• **WHAT TO WORK ON**: From the line containing "My Love Silver" through the last line of the records below, each line is to be repeated exactly; pictures are to be omitted.

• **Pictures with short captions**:
===

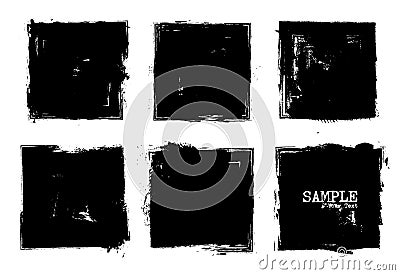 Grunge style set of square shapes . Vector Vector Illustration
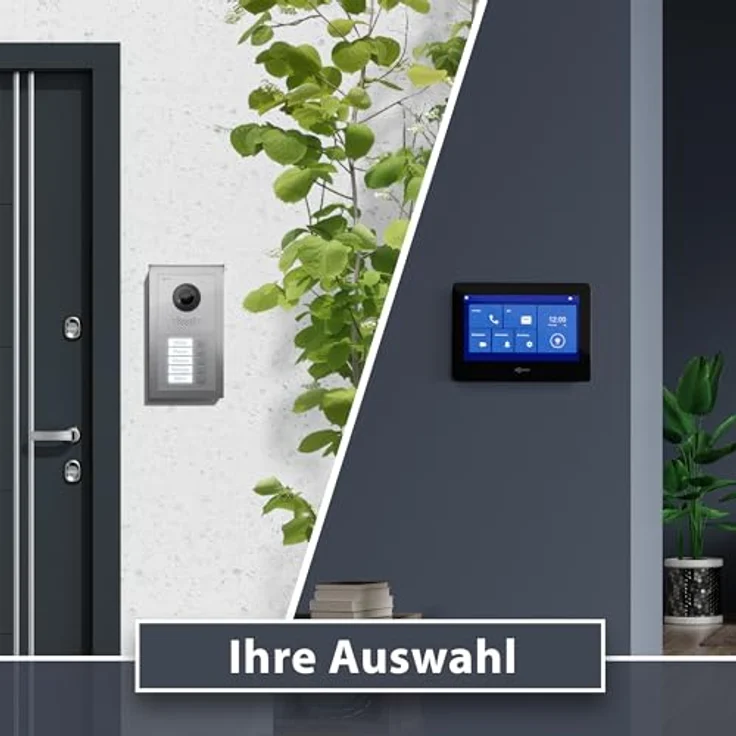 Goliath Intercom Video-Türsprechanlage, 7-Zoll Monitor, HD Kamera, 2-Draht System für 5-Familienhaus, Weiß/Schwarz – Bild 5
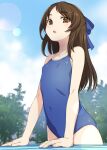  1girl blue_one-piece_swimsuit blue_sky bosshi bow brown_eyes brown_hair cloud competition_school_swimsuit covered_navel day flat_chest hair_bow highres idolmaster idolmaster_cinderella_girls idolmaster_cinderella_girls_u149 lens_flare long_hair looking_at_viewer one-piece_swimsuit outdoors school_swimsuit sky solo swimsuit tachibana_arisu tree 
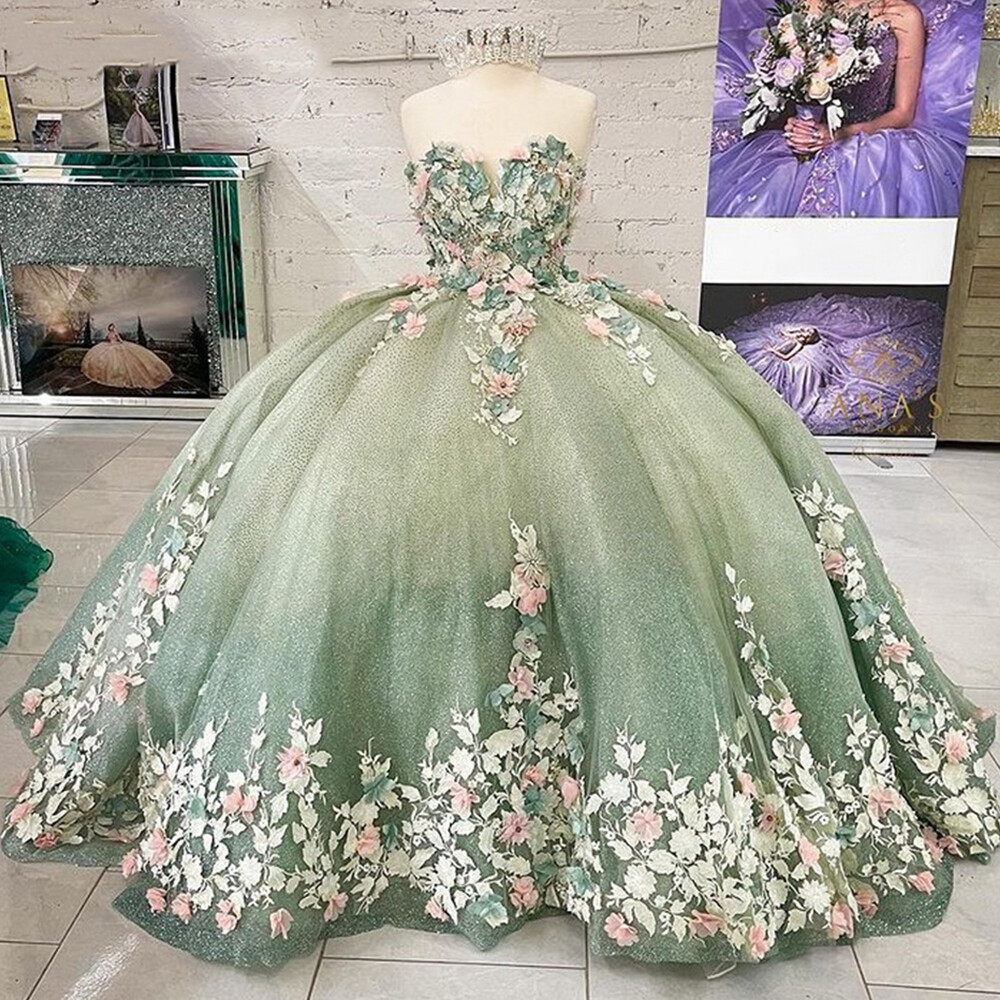 Light Green Quinceanera Sweet 16 Pageant 3D Floral Beaded Prom Ball Gown | eBay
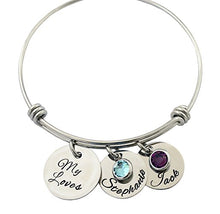 My Love Silver Bangles Custom Names & Birthstone Gift for Mom and Kids Fami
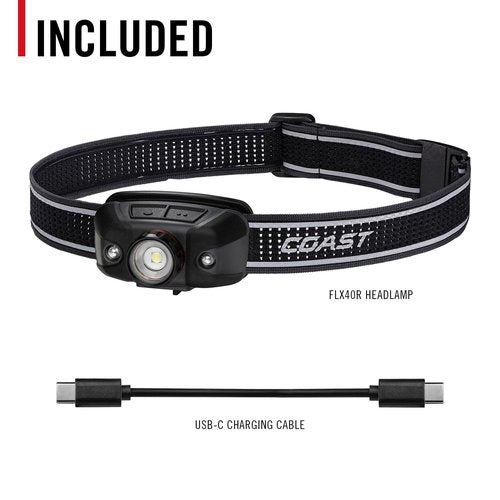 Coast FLX40R 800 Lumen Built-in Rechargeable Battery LED Headlamp with Twist Focus Lens Ultra Strap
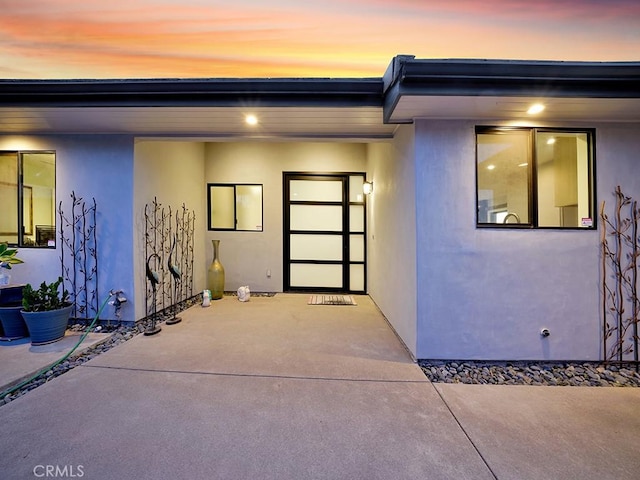 1380 Skyline Dr, Laguna Beach, CA 92651 - doorway to property with stucco siding and a patio area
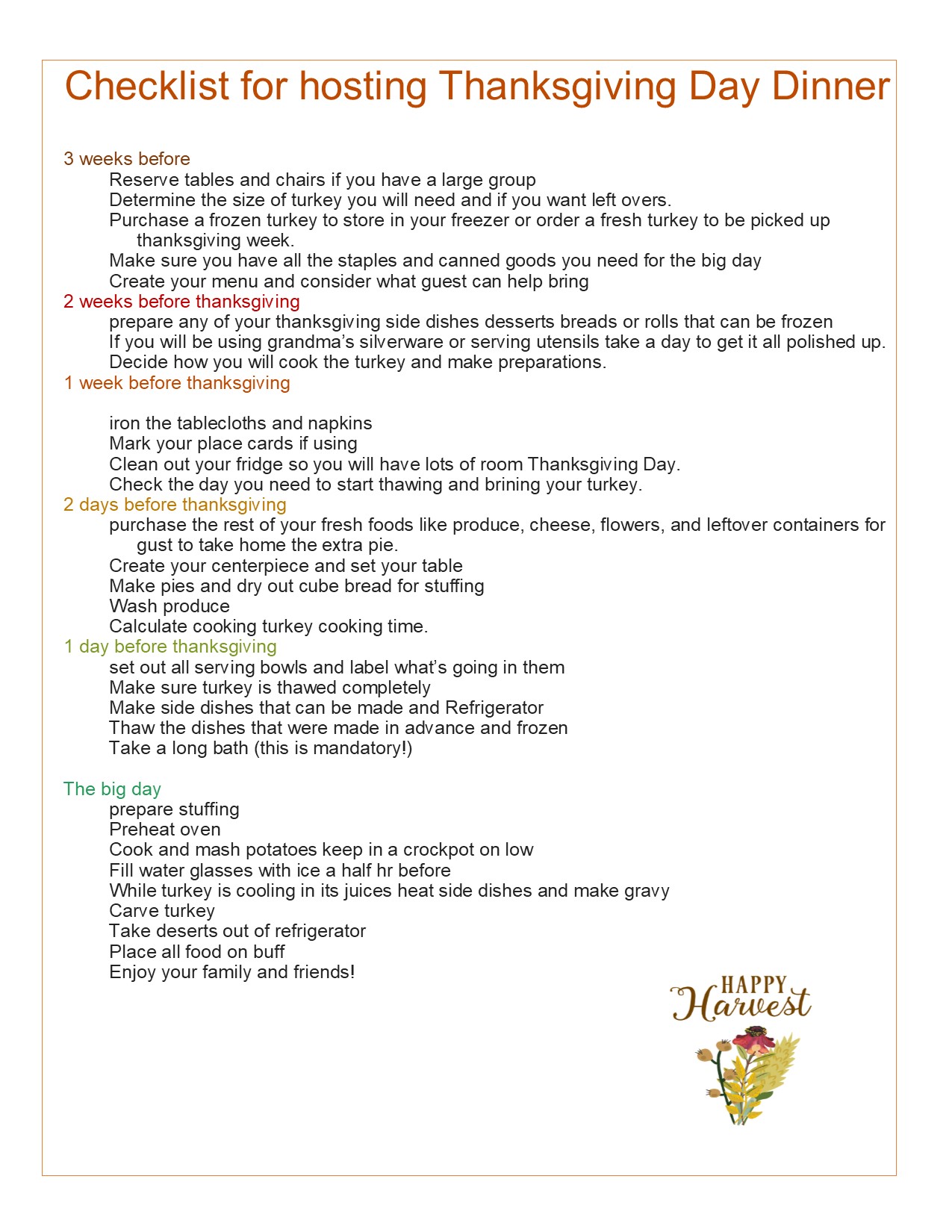 Thanksgiving day checklist, getting ready for thanksgiving, dinner checklist, free thanksgiving printable, free checklist for thanksgiving dinner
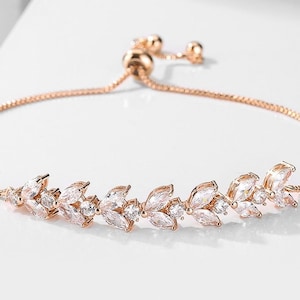 Adjustable Zirconia Leaf Bracelet Gift | Gold Chain Bracelet | Rose Gold Chain Bracelet | Silver Chain Leaf Bracelet | 18K Gold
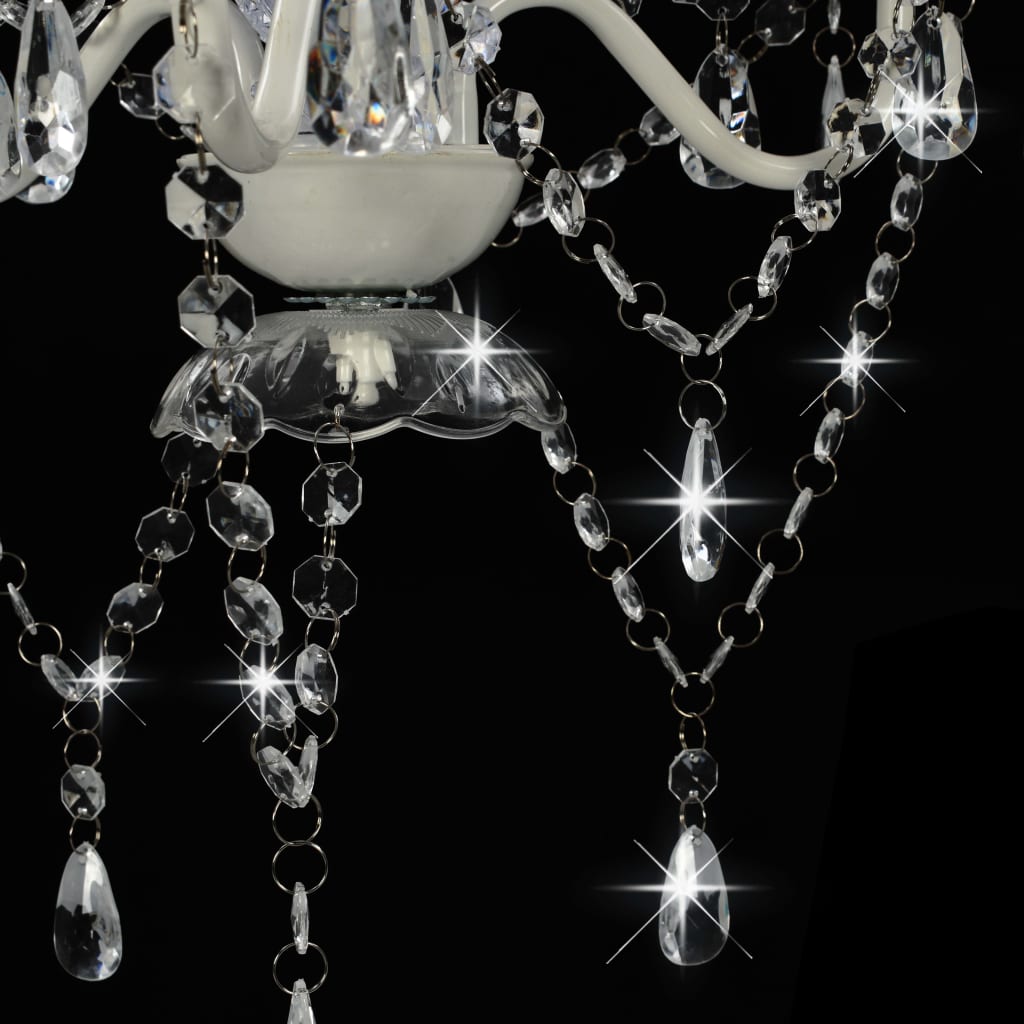 Lustre avec perles blanc rond 3×E14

===

• **SOLUTION TO THIS TASK**:
 My Love Silver Bangles Custom Names & Birthstone Gift for Mom and Kids Fami
 Coast FLX40R 800 Lumen Built-in Rechargeable Battery LED Headlamp with Twist Focus Lens Ultra Strap
 1380 Skyline Dr, Laguna Beach, CA 92651 - doorway to property with stucco siding and a patio area
 Thanksgiving day checklist, getting ready for thanksgiving, dinner checklist, free thanksgiving printable, free checklist for thanksgiving dinner
 Adjustable Zirconia Leaf Bracelet Gift | Gold Chain Bracelet | Rose Gold Chain Bracelet | Silver Chain Leaf Bracelet | 18K Gold
 Lustre avec perles blanc rond 3×E14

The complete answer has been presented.